All of the features we used above contained numerical values, but what if this is not the case? Now we need a way to encode categorical values to numbers. This is typically done with one-hot encoding. For example, a column `gender` with three possible values (male, female, other) will be transformed into three binary columns, one for each possible categorical value. We will use the [`OneHotEncoder`](https://scikit-learn.org/stable/modules/generated/sklearn.preprocessing.OneHotEncoder.html) for this.

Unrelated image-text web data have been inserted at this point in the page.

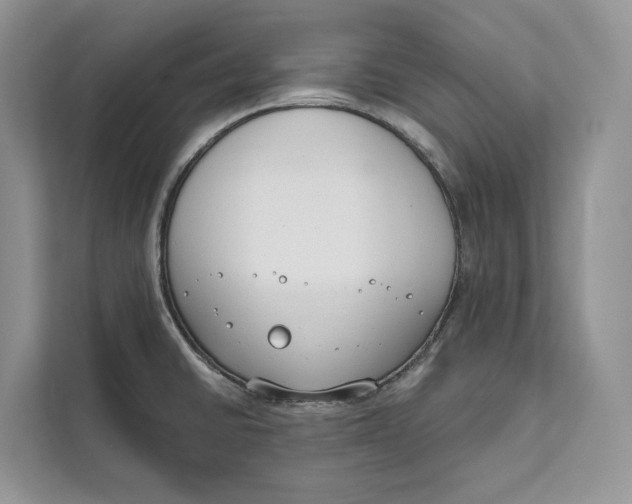 X0000111611430200908071322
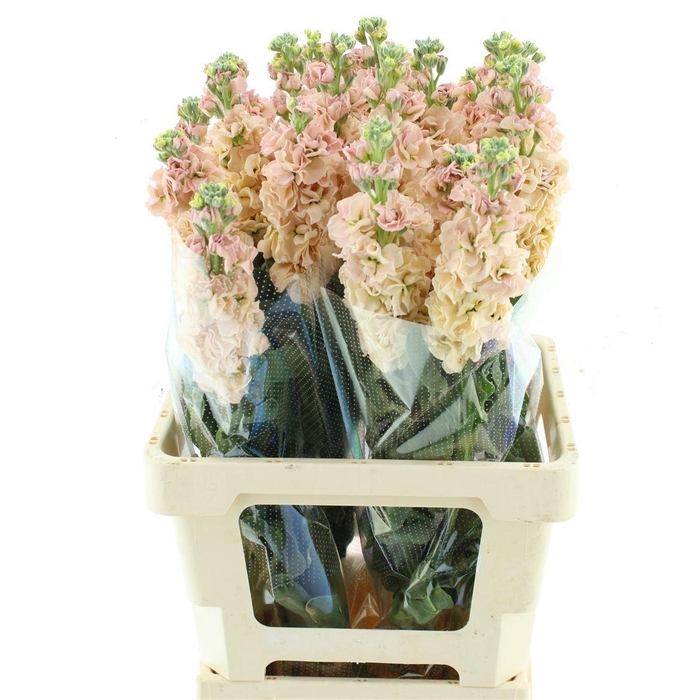 <h4>MATTH IRON APRICOT</h4>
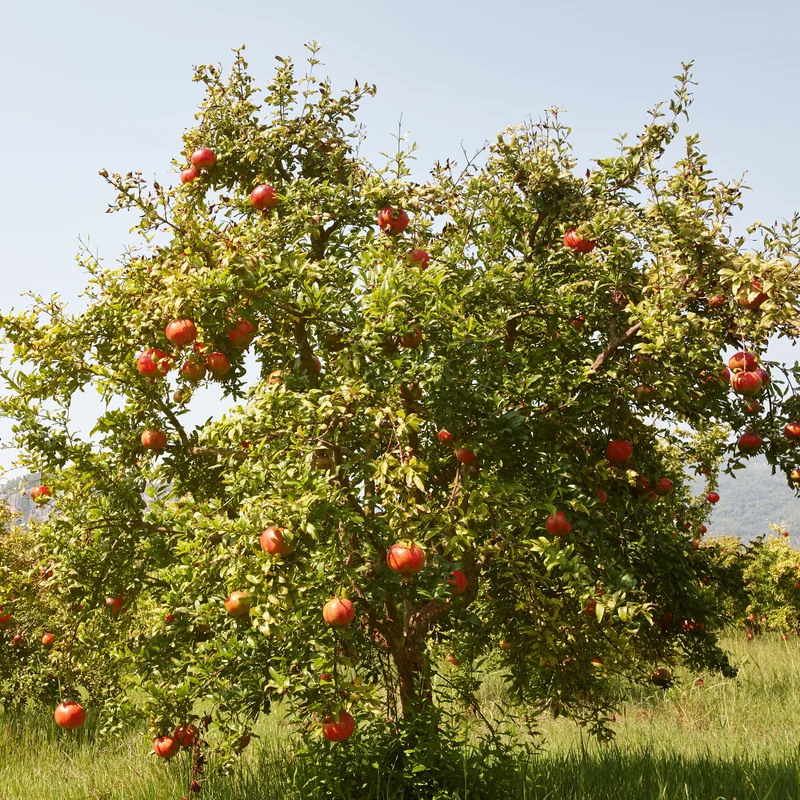 Granatapfel Fina Tendral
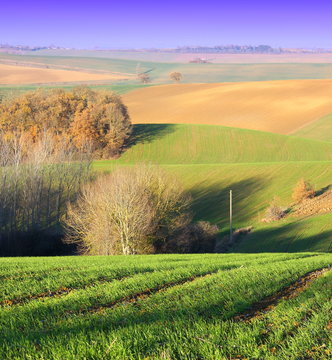Les couleurs de l'automne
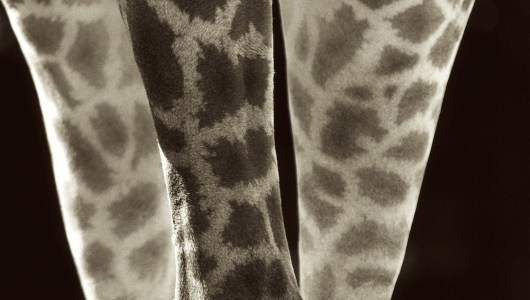 'Animalia & El Malecon' by Henry Horenstein, Henry Horenstein, 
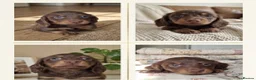 Miniature Dachshund dogs for sale: KC Pedigree Long Hair Mini Dachshund boy & girls - Advert 5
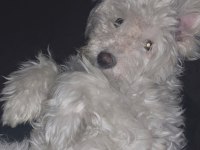 Terrier 1 yaşında eğitimli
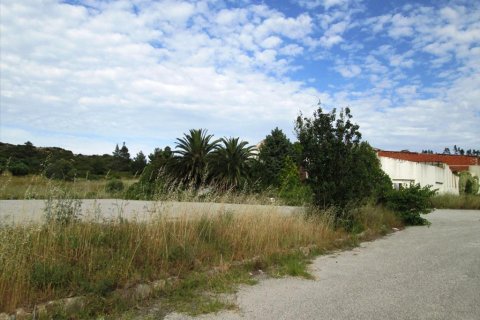 10000m² Land in Chalkidiki, Greece No. 60355 7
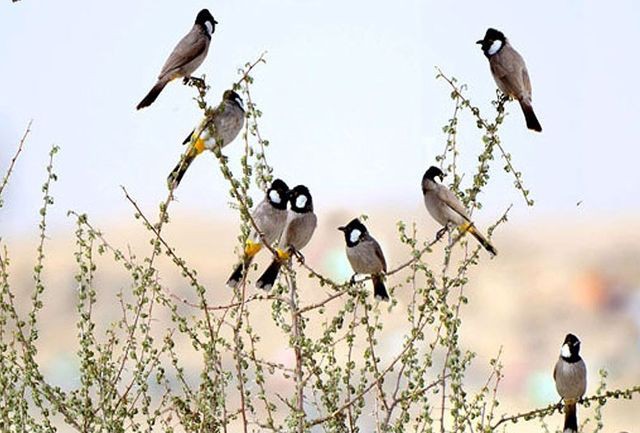 آواز در اسارت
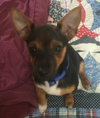Lola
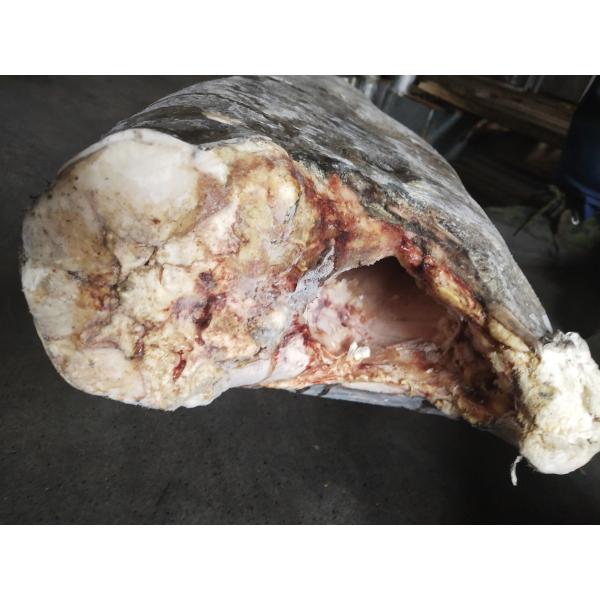 China IQF Super Wholesale Seafrozen Good quality Oilfish Hgt 10kg＋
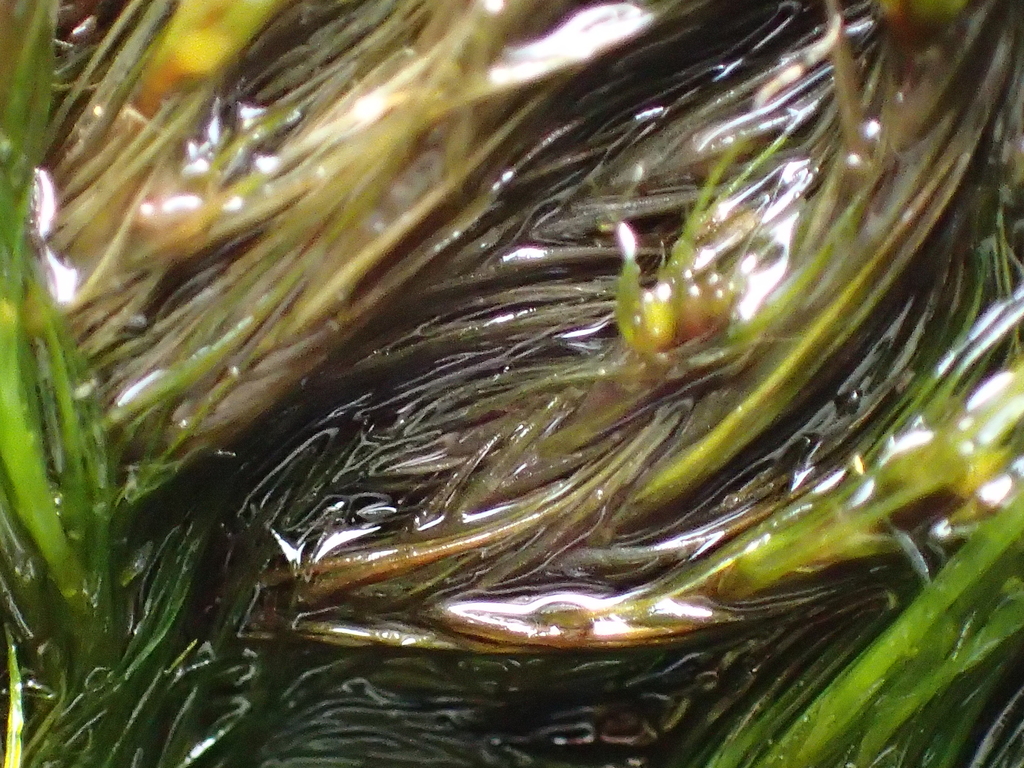 Blindia immersa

Another common transformation is to use polynomial basis functions. Suppose we have predictors $X_1, X_2$. Instead of fitting the linear model $y=\beta_0 + \beta_1 X_1 + \beta_2 X_2$, we may want to fit the (still linear) $y=\beta_0 + \beta_1 X_1 + \beta_2 X_2 + \beta_3 X_1X_2 + \beta_4X_1^2 + \beta_5X_2^2.$ To do this we must add the columns $X_1\cdot X_2, X_1^2$ and $X_2$ to the data matrix. We will use [`PolynomialFeatures`](https://scikit-learn.org/stable/modules/generated/sklearn.preprocessing.PolynomialFeatures.html) to add these columns automatically, notice that you can pass the maximum degree when instantiating the transformer.


The example that follows creates a `ColumnTransformer` to transform to do preprocessing on the five feature columns. The three browser columns are left unchanged and kept (if we did not specify `remainder='passthrough'` they would have been discarded); the `gender` column is transformed to two binary columns, one for each of the genders that appear in the data; and we create quadratic (degree 2 polynomial) features for the  `activity_days` column.

In [None]:
from sklearn.compose import ColumnTransformer
from sklearn.preprocessing import OneHotEncoder
from sklearn.preprocessing import PolynomialFeatures

# all predictors
numerical_predictors = ['browser1', 'browser2', 'browser3']
categorical_predictors = ['gender'] # ['gender', 'state']
poly_predictors = ['activity_days']
all_predictors = numerical_predictors + categorical_predictors + poly_predictors

# make list of the two transformation we want to do
t = [...]

# instantiate columntransformer with our transforamtions t
col_transform = ColumnTransformer(...)

Now we can apply the transformation to our training and testing sets. Notice that we have 7 columns after transformation: 3 for the browsers; 2 for the gender one-hot encoding and 2 for `activity_days` and `activity_days`$^2$.

In [None]:
# ...

We can choose and fit a model as before on this new data.

In [None]:
# your code here

Did the model improve? Experiment some more and see if you can improve the model by adding features, trying different transformations or tuning the regularization parameters.

(Hint: When you're stuck, try including `state` in the categorical predictors above.)